After a long day of doing nothing (those are the longest days of course), I settled into bed rather late; about 7:30pm. I had one elbow down, and was about to ease the other half of my body onto the bed, when a car pulled up and parked at the bus stop/u-turn point across the road. The car was there when I fell asleep and it was there in the morning when I went to town. A red Jeep Cherokee. Newer than mine, and from New York. Lic# EJL1303. Duly noted.
Returning from town they were still there, but this time there were people moving around the Jeep. I parked and entered the house. Heated coffee, and went upstairs to view the squatters from behind the mirrors. I was on my first cup of coffee when they approached the shack; a tall woman, not heavy, but not thin either with long, dark, red hair and a child hanging from a wide band of cloth slung around her neck and over her shoulder: a kind of circular hammock the child hung in. The child, a cute little red headed baby girl that was eight months old I would later find out, was adept at holding on to that cloth as a young chimp. A man, at least ten feet behind the woman, with a full beard and wearing a cap with ear muffs he had pulled over his ears, was carrying a small bag with paper handles that, when he got closer, I could see contained four one pound packages of butter and some mushrooms in a cardbord package under cellophane.
I said,"Good morning. What can I do for you folks today?"
The woman smiled and said,"We were looking for a barter."

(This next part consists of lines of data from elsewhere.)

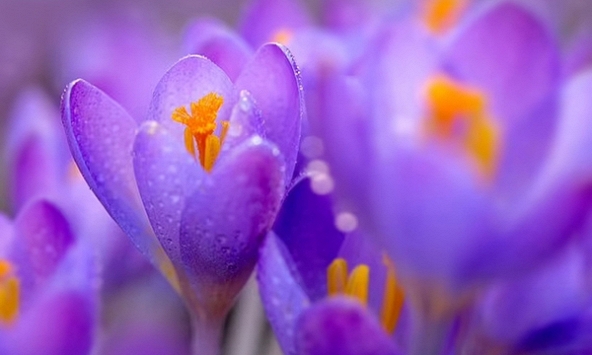 Bạn có thật sự đang thấy màu tím, hay chỉ là một “phát minh” của não bộ?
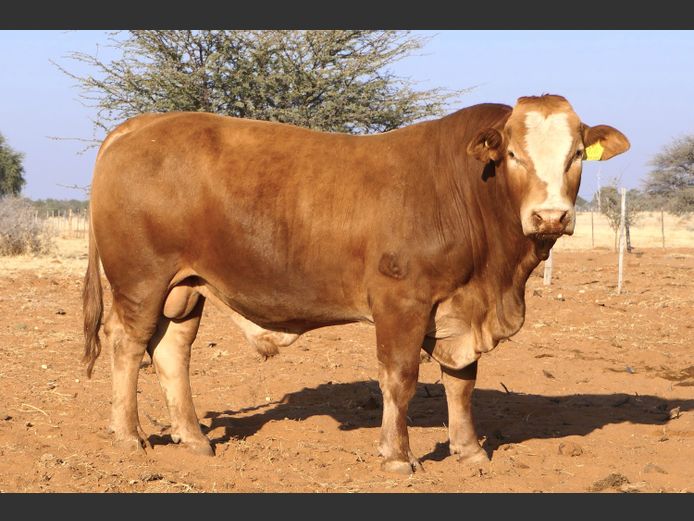 WW22181 | ONDEKA SIMBRA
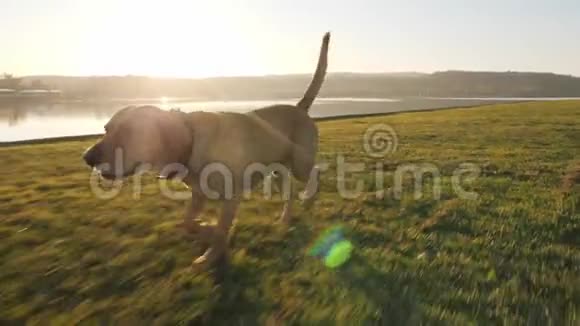 阳光明媚的一天可爱的小狗带着球在湖边奔跑视频的预览图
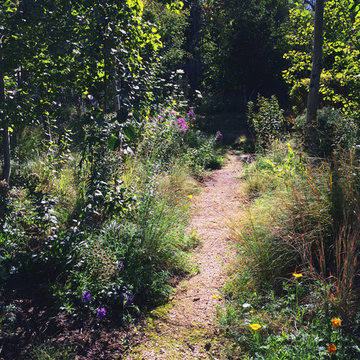 Large South Boulder Residential Garden, Est. 2010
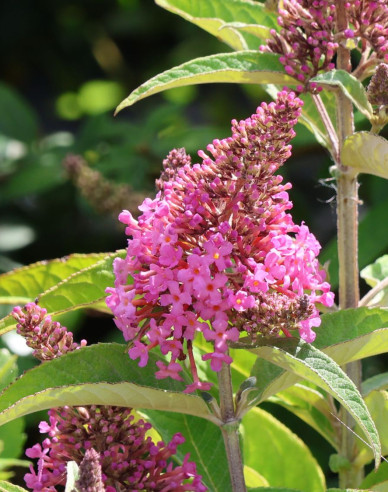 Budleja davidii Little Pink Zwerg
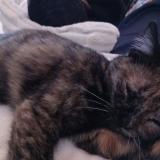 Foto del gato perdido en Besancon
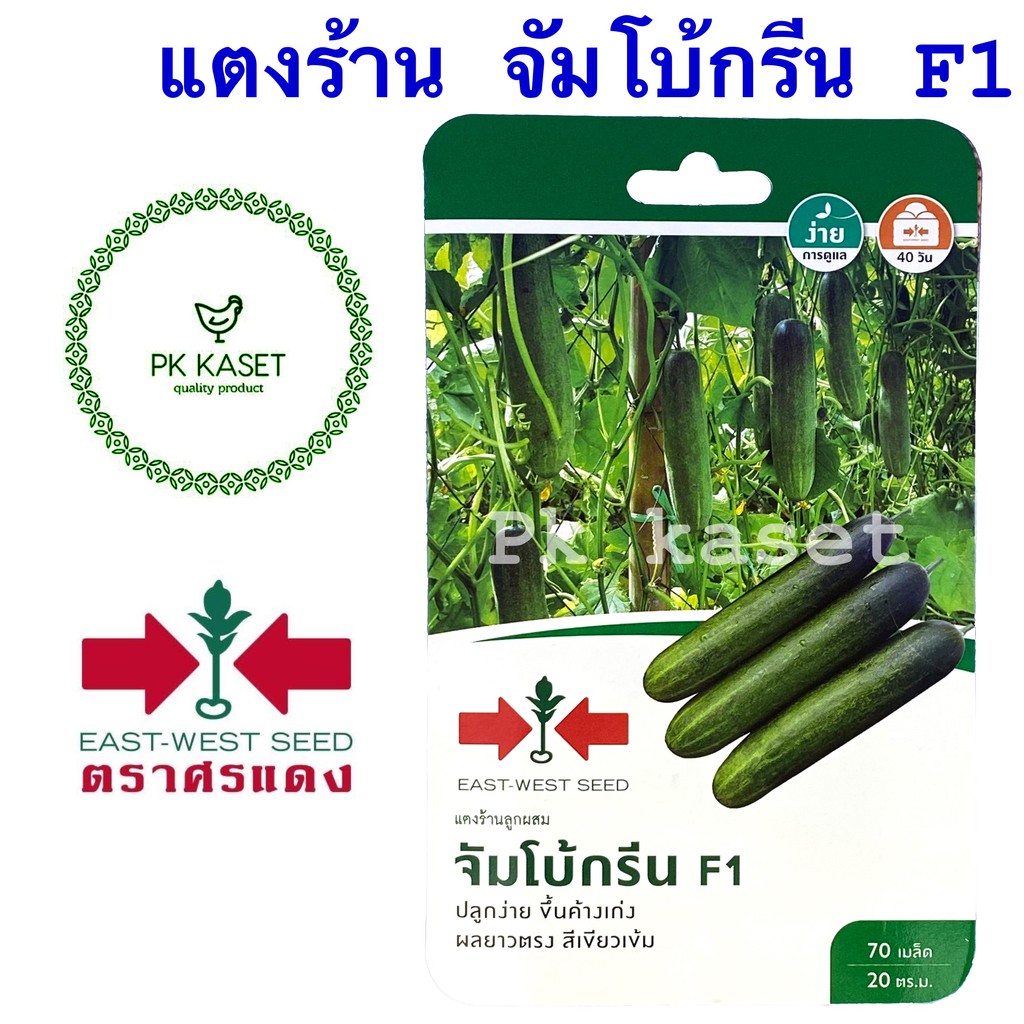 เมล็ดแตงร้าน จัมโบ้กรีน F1 ศรแดง ซองแข็ง 70 เมล็ด ผักสวนครัว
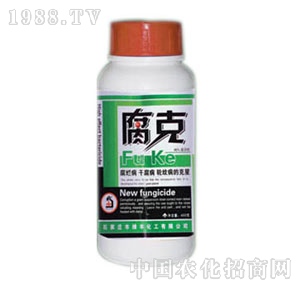 �G�S����-����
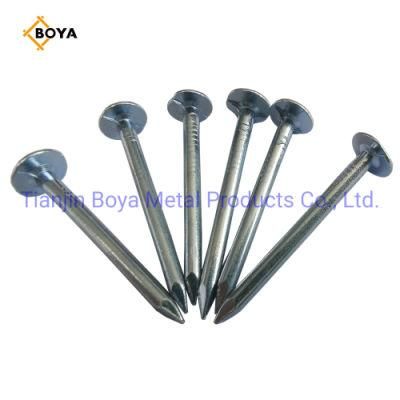 China Galvanized Large Head Clout Nails /Big Head Nail/Roofing Nail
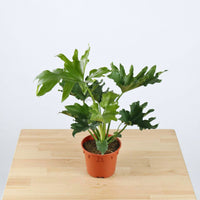 Philodendron Selloum (Small) in Nursery Grow Pot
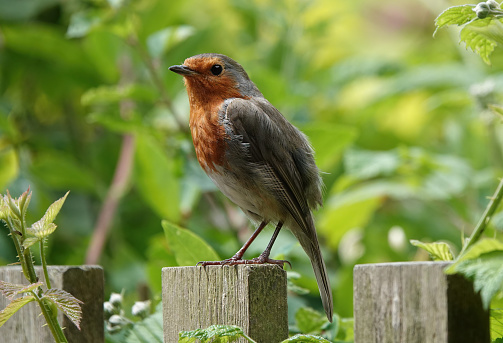 A European robin perching on a garden fence on a warm summer’s day.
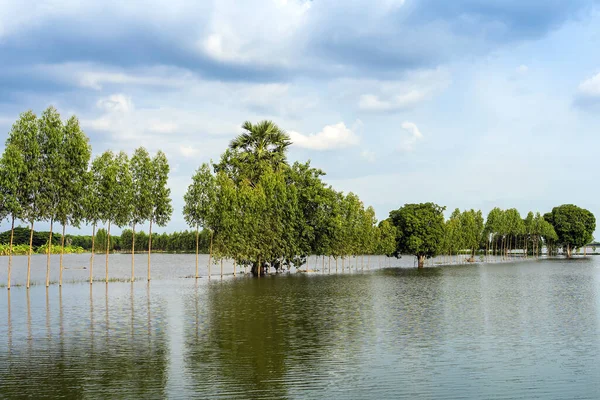 Scenic View Traditional Flooded Fields Still Lake Floating Season Rural — Stock Photo, Image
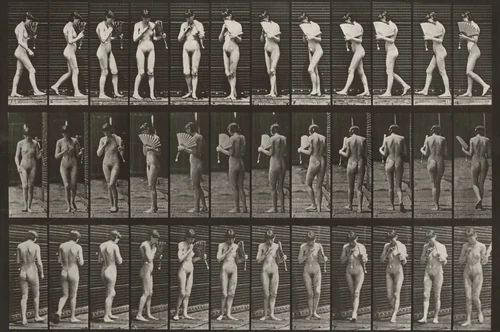 Plate Number 46. Walking, flirting a fan and turning around by Eadweard Muybridge, photograph, 1887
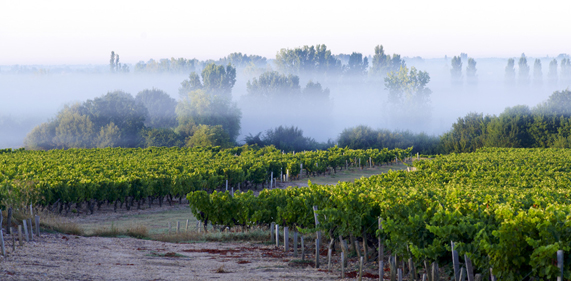 Bordeaux-Superieur-rouge-11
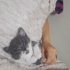 Bıcır bıcır zeka küpü bir velet 🥰 fotoğraf
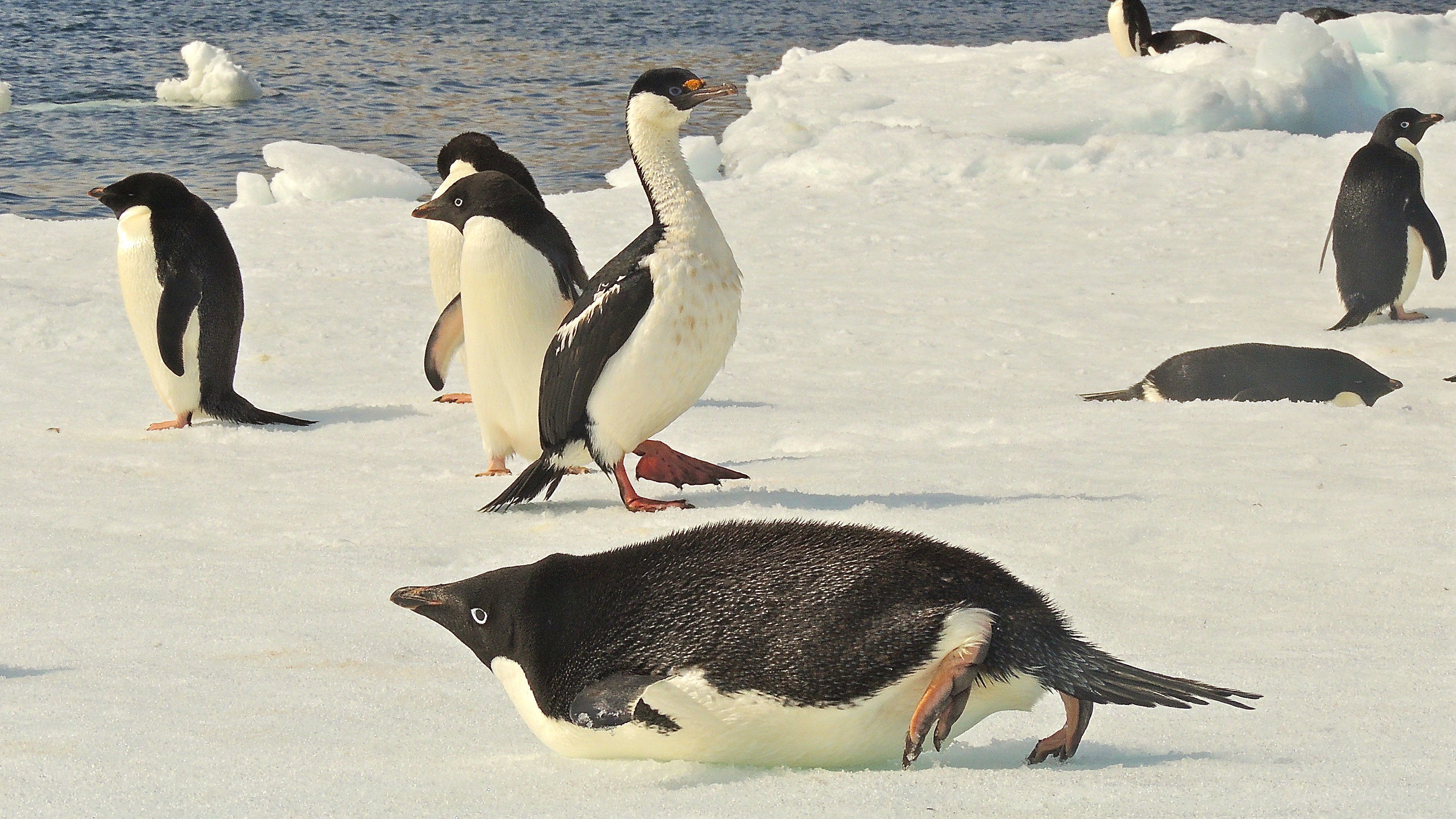 Antarctic Shag with Adelie Penguins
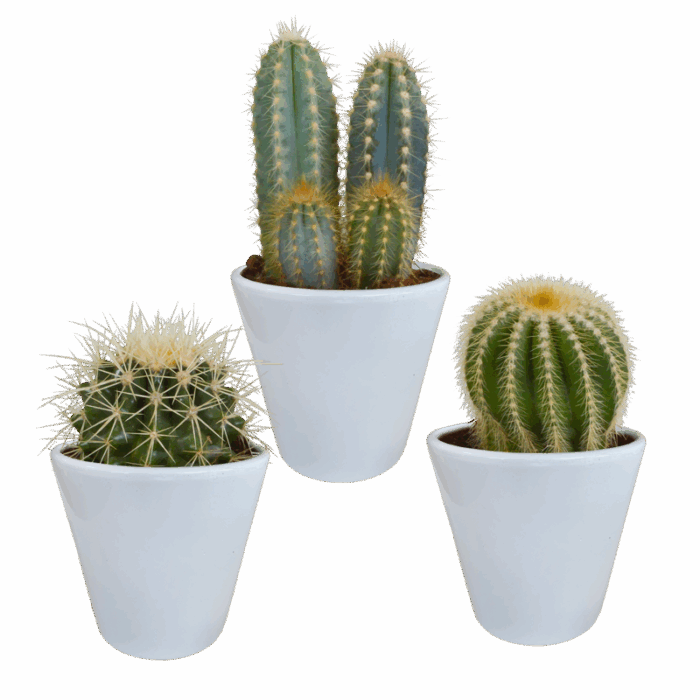 Cactus mix 8,5 cm in witte pot | 3 stuks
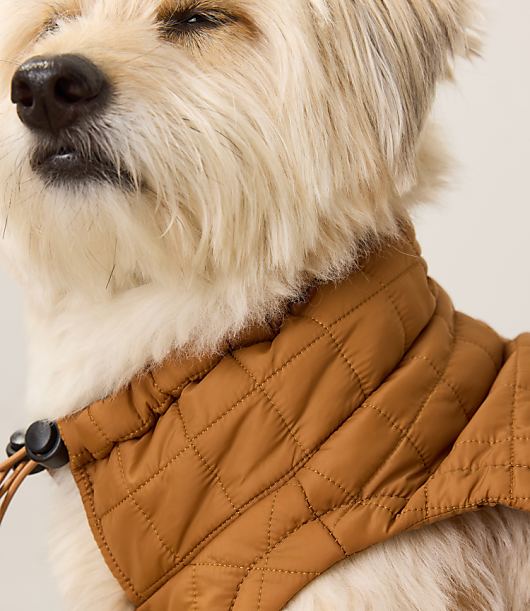 Haven Well Within Quilted Dog Puffer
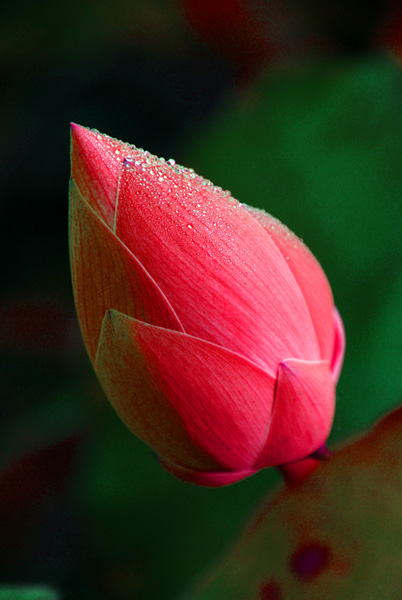 绿花\红花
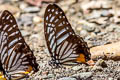 Great Zebra Graphium xenocles kephisos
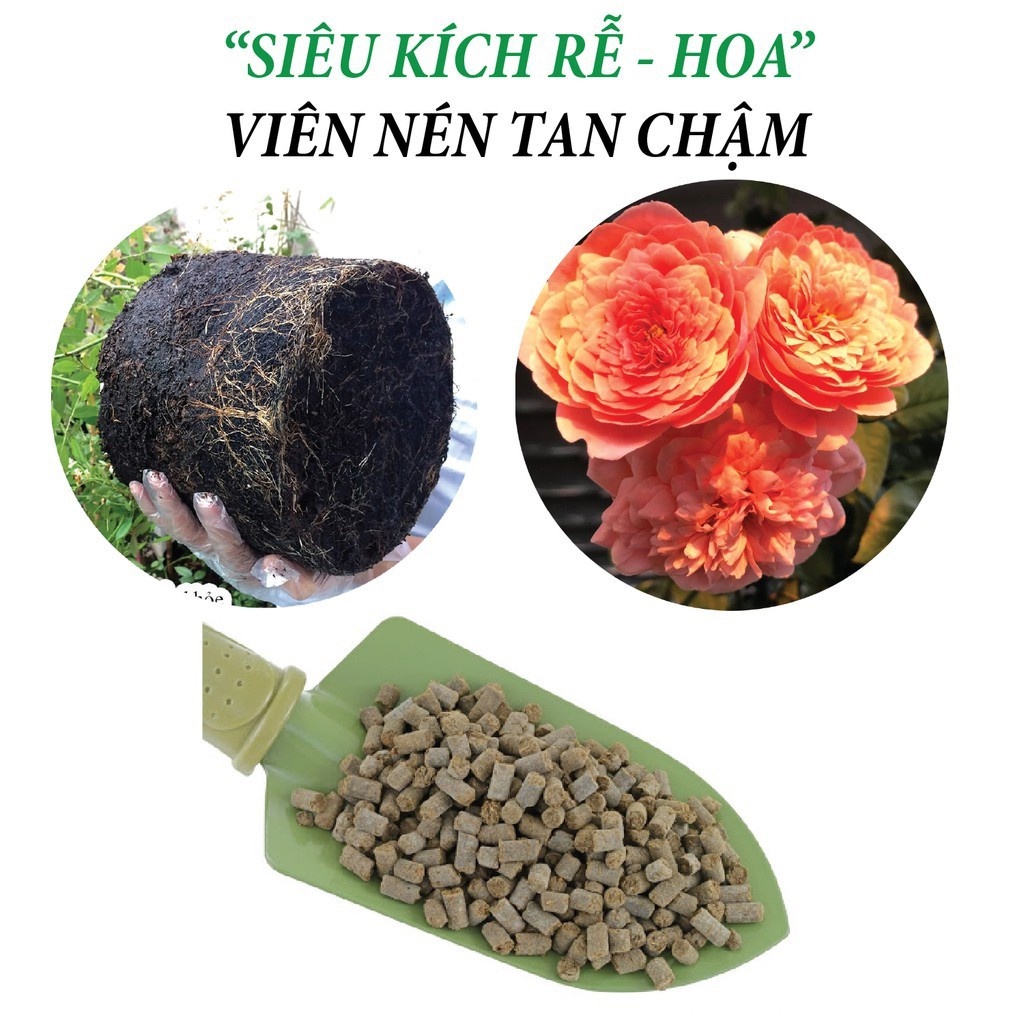 PHÂN BÓN SIÊU KÍCH RỂ - Kích thích tăng tốc phát triển bộ rễ, tăng trưởng mầm, hoa lá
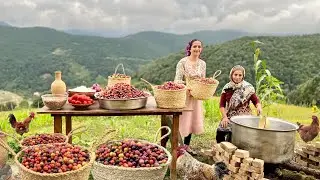 Picking Wild Plum & Cooking Plum Paste Outdoor: Village Life in Iran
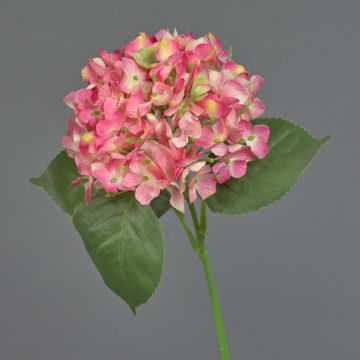 Hortensia sintética HERMINE, rosa-fucsia, 65cm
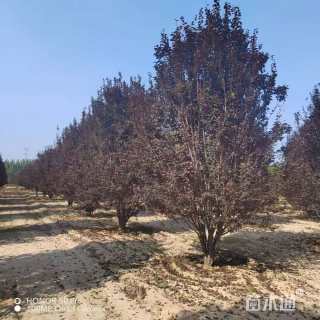 高度400厘米丛生紫叶李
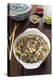 Vietnamese Pho beef broth, Vietnam, Asia-Nico Tondini-Premier Image Canvas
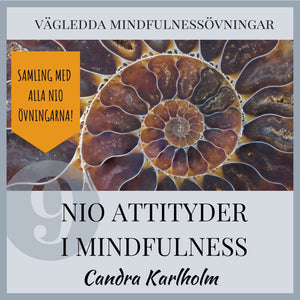 SAMLING: ALLA nio attityder i mindfulness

I smiled and replied that there wasn't a thing in the world that I needed except 380 rounds for my Sig Sauer and shotgun shells (I had planned on driving to Grants Pass and buying both, along with a case of clay pigeons, before they had appeared on my doorstep). Then I asked what they had to trade, and what they wanted.
The woman smiled and said, "How about some coffee? We have butter and mushrooms."
I considered her request. Hot coffee, after sleeping in a car, probably sounded wonderful to her.
It was a moment of decision. I had no interest in bartering, but I thought I would hear their story and invited them in for coffee. The flip side of the decision was to send them down the road. The baby was the deciding factor. I brought them into the warmth and shelter of the stove room in the shack. I sat them down, served them coffee, asked their names, and then asked how they came to sleep in the Jeep across the road (I couldn't help the touch of Seuss).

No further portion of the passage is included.